Print the listing below again from the line that contains "Tabletops Gallery Isiah" onward, keeping every line exact and leaving out the lines before it.

== Extracted material

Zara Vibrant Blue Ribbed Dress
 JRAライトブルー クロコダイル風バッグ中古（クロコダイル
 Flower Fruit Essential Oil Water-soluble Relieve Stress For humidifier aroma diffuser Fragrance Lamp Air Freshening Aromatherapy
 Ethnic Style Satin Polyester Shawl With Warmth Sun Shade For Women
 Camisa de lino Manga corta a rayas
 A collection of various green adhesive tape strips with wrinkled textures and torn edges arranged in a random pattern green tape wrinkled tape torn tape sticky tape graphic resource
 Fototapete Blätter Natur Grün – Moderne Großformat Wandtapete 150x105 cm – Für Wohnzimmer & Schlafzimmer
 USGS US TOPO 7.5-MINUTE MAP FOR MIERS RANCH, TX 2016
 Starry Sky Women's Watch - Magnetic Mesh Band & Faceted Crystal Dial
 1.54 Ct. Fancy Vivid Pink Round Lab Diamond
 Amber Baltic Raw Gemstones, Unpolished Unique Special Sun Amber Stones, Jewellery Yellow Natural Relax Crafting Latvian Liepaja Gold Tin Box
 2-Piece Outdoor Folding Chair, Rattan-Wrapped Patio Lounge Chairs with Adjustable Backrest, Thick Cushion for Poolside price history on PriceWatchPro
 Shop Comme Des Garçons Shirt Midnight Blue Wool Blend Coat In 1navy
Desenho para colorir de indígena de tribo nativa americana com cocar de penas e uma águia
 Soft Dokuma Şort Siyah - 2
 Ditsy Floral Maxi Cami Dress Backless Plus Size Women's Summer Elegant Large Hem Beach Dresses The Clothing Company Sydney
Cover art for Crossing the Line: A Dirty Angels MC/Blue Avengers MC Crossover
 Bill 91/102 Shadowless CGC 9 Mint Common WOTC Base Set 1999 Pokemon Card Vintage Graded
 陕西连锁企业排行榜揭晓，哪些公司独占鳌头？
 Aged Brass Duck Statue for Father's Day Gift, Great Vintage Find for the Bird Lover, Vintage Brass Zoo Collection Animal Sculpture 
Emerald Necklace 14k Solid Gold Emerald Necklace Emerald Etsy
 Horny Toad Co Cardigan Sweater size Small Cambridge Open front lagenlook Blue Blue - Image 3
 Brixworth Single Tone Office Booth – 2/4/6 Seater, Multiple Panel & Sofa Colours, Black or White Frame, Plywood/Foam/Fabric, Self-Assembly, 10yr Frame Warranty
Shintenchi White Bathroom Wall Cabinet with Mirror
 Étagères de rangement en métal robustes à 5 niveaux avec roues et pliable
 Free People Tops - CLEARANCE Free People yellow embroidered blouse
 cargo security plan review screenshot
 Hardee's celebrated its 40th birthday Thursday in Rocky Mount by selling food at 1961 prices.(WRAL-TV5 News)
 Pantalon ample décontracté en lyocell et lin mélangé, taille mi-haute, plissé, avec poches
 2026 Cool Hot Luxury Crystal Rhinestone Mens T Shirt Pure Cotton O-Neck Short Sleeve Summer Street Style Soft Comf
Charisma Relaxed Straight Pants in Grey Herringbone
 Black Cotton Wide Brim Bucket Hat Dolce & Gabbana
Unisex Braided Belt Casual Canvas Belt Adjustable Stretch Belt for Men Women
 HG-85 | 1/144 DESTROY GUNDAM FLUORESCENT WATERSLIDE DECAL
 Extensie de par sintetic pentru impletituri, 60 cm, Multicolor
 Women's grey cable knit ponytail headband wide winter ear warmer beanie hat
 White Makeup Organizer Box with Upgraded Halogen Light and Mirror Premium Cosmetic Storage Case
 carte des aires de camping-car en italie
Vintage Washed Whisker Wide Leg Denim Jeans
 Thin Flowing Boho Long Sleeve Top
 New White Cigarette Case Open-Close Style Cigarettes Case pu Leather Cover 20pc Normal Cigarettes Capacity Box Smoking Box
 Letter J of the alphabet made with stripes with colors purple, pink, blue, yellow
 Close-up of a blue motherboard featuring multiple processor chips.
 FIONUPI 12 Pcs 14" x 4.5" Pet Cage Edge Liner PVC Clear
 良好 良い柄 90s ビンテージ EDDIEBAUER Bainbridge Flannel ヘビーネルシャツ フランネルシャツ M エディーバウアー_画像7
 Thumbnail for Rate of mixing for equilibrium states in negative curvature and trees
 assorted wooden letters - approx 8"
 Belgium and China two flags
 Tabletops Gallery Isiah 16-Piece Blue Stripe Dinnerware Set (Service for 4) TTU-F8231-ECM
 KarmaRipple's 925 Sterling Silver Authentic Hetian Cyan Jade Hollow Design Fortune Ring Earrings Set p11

====

__Answer section__
 Tabletops Gallery Isiah 16-Piece Blue Stripe Dinnerware Set (Service for 4) TTU-F8231-ECM
 KarmaRipple's 925 Sterling Silver Authentic Hetian Cyan Jade Hollow Design Fortune Ring Earrings Set p11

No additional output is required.